Changing your heritage wouldn't help much anyway. Numerous studies show that "cultural" genetics play little or no role in preventing heart disease. Immigrants begin to adopt American ways of life and eating and quickly lose their cultural advantage. Of course, individual genetics play a huge role in your health, but the health advantages experienced by ethnic people in other countries is more a function of lifestyle than DNA.
-- Develop family rituals. They can be as simple as hot chocolate and cookies every evening before bed and a set dinner time several nights a week when everyone sits down together without the television.
-- Invite friends and relatives to dinner. Don't make the meal preparation a high-stress event; concentrate on the friendship instead.
-- Stretch out the length of your meal times. One good way to do this is to eat in courses -- don't put everything on one plate. Split your dinner wine into courses too, a little white with salad, a little red (or another white) with the main course.
-- Take a meditation course which teaches you to disconnect from the stress.
-- Watch your body. Research has shown that just as emotions are mirrored in facial expressions and muscle tension, your emotions will respond to facial clues and muscle tension. Smiling even when you're tense or angry will help chase away the bad emotions.
-- Monitor your breathing. When you're tense, you tend to breath rapidly and shallowly. Concentrate on slow, deep breathing and you can break up a bad mood.
-- Relax. Just as stress can tense up muscles, consciously relaxing muscles can reduce emotional stress.
-- Get a massage. Have someone else relax your muscles.
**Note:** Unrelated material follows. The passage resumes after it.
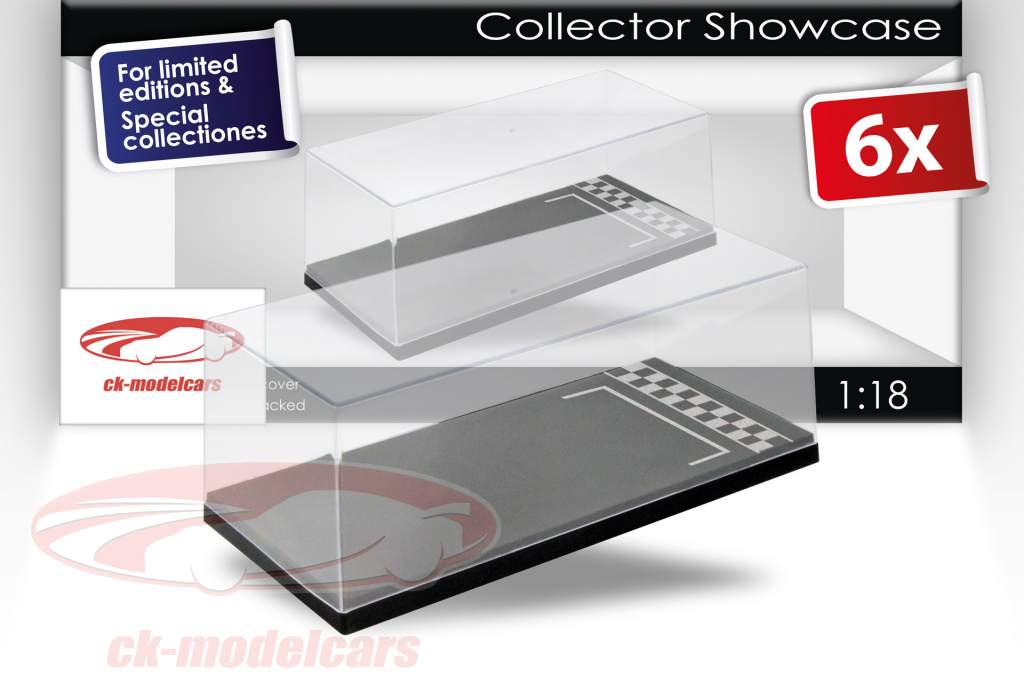 6 pezzi vetrine con Pole-Position e Start / Finish Line 1:18 Triple9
-- Take a nap. Many prominent and successful people take a 15 to 20 minute afternoon nap which reinvigorates them and divides one day into two. If your work schedule is not flexible, take a late lunch and make the first quarter hour a nap.
-- Exercise moderately. Most Mediterranean people avoid health clubs like they do bad fish. But they walk and cycle as part of their everyday lives -- to work, to market, for recreation. Try it.
-- When things are going very, very badly take a quiet moment, relax, control your breathing, smile and visualize an image of some wonderful time in your life. Focus on walking along that beach, catching that fish, gazing on that unforgettable sunset. Transport yourself into the image and out of the stressful situation.
-- Get a good night's sleep.
-- Allow yourself enough time for tasks. Running late causes far more stress than getting up 15 minutes early or leaving for a meeting with time to spare.
-- Ask for help. When you're overloaded, rely on friends, family and at work, your co-workers. If you can't depend on these people you need to remove yourself from that situation. Consider professional counseling to help with the motivation and guidance to make this decision and for the support to carry it out.
-- Let it all out. But not on your friends. Punch a bag, take a brisk walk where every step is a kick at your nemesis.
-- Don't take it out on those who love you.
-- If it's been a bad day, take a walk around the block or the yard before you greet your spouse, roommate, children, significant other, mother, father, brother, sister, dog, parakeet. They can't support you if you take your anger out on them.
-- Be irresponsible on occasion. You probably have some deadlines, maybe most of them, that won't matter a lot if they aren't met. Don't let your friends or loved ones down, but being a day late on some things won't matter.
-- Take a paid vacation day if you're feeling angry, depressed or stressed out. Do something nice for yourself -- go to the beach or the ballpark, get a massage, have a picnic, take a drive. This is a no-obligation, no-guilt, stress-free day for what you want to do, not what you feel you should do.
-- If you're single, build your own support relationships by joining a church, synagogue, club, civic group, taking classes, volunteering for charities.
-- Get a pet if you're alone.
-- Maintain a sense of humor. Read a book of jokes or cartoons; check out a comedy videotape or watch the stand-up comics on television; go to a live comedy club. When you laugh, you're in control and that can keep you out of the hospital.
-- Have a glass of wine. Not too many, not too few.